In enacting the AFL program (Title XX of the Public Health Services Act) in 1982, Congress specifically authorized the participation of religious groups to address problems of teenage promiscuity and nonmarital pregnancy. When the Supreme Court ruled, in 1988, on a challenge to the Program's constitutionality, it upheld the statute; but, using reasoning it has now backed away from, the Court ruled that providers determined to be "pervasively sectarian" could not receive funding (Bowen v. Kendrick). A subsequent court settlement agreement imposed specific limitations on the program. The Office of Public Health and Science at HHS, which runs the AFL program, developed a checklist to ensure that grantees were not "pervasively sectarian," asking, for example, to what extent an applicant was controlled by a church or other religious body, whether clergy or other religious leaders served as staff or volunteers, and whether the applicant's mission statement was religious. Applicants received a statement, "Guidance to AFL Grantees," detailing the restrictions on religious providers, such as an instruction to remove or cover up, if possible, religious symbols in the places where social services were to be offered.
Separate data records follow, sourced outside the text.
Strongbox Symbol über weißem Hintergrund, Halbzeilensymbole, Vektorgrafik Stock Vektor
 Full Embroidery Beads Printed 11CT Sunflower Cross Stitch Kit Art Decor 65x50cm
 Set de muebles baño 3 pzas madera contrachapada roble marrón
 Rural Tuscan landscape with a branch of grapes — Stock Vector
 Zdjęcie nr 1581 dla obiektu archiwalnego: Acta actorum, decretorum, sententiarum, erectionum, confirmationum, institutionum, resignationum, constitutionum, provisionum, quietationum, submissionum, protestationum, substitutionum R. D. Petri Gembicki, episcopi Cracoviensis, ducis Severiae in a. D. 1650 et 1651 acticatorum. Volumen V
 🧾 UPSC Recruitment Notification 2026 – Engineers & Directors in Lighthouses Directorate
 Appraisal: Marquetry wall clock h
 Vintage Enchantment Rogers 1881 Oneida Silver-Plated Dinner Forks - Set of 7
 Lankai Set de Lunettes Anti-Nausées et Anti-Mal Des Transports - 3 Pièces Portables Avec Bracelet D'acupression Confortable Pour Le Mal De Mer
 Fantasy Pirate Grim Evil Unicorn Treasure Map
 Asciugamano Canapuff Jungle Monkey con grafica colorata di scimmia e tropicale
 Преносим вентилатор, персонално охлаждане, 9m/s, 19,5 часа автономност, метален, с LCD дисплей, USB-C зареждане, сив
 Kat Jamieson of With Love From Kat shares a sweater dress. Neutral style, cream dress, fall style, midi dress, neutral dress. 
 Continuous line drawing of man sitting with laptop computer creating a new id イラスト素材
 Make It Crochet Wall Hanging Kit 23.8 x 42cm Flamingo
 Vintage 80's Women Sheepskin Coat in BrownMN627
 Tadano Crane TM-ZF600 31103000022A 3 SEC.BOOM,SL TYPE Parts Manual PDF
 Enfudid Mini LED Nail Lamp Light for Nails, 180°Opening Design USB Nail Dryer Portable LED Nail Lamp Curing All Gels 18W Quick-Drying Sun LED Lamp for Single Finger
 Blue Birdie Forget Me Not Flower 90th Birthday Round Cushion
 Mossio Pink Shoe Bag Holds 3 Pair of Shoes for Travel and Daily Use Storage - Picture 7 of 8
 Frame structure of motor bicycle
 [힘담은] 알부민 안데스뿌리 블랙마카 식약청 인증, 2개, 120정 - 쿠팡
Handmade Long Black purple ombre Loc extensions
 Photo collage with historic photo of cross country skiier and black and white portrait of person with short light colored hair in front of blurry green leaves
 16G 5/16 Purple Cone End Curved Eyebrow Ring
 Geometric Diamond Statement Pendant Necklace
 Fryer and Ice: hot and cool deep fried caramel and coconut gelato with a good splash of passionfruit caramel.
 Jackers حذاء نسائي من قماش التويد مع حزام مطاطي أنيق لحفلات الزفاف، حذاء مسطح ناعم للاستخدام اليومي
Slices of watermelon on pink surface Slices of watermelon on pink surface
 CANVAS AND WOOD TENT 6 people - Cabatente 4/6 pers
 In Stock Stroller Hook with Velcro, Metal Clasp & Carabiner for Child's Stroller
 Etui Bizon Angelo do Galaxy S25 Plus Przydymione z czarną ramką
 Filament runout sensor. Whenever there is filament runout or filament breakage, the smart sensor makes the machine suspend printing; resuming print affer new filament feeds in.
The AFL settlement agreement expired in 1998. The Court has now all but abandoned the "pervasively sectarian" standard it used in the AFL case, and it has loosened other restrictions on religious activity. Nevertheless, OPHS has maintained many of the restrictions on faith-based involvement in the AFL program. The Maternal and Child Health Block Grant (MCHB) references many of those AFL restrictions as guidance in two entirely separate, though related, abstinence education programs that it runs. The Abstinence Education Grant Program (Title V of the Social Security Act) was authorized under the 1996 Federal welfare reform law and provides $50 million per year in formula grants to States to support abstinence education by community groups. Community-Based Abstinence Education projects received $20 million for FY 2001 under the SPRANS allocation of the MCHB to States. States and potential grantees that request guidance from MCHB receive restrictive advice for religious involvement modeled on the now-outdated AFL settlement, sometimes including the "Guidance to AFL Grantees."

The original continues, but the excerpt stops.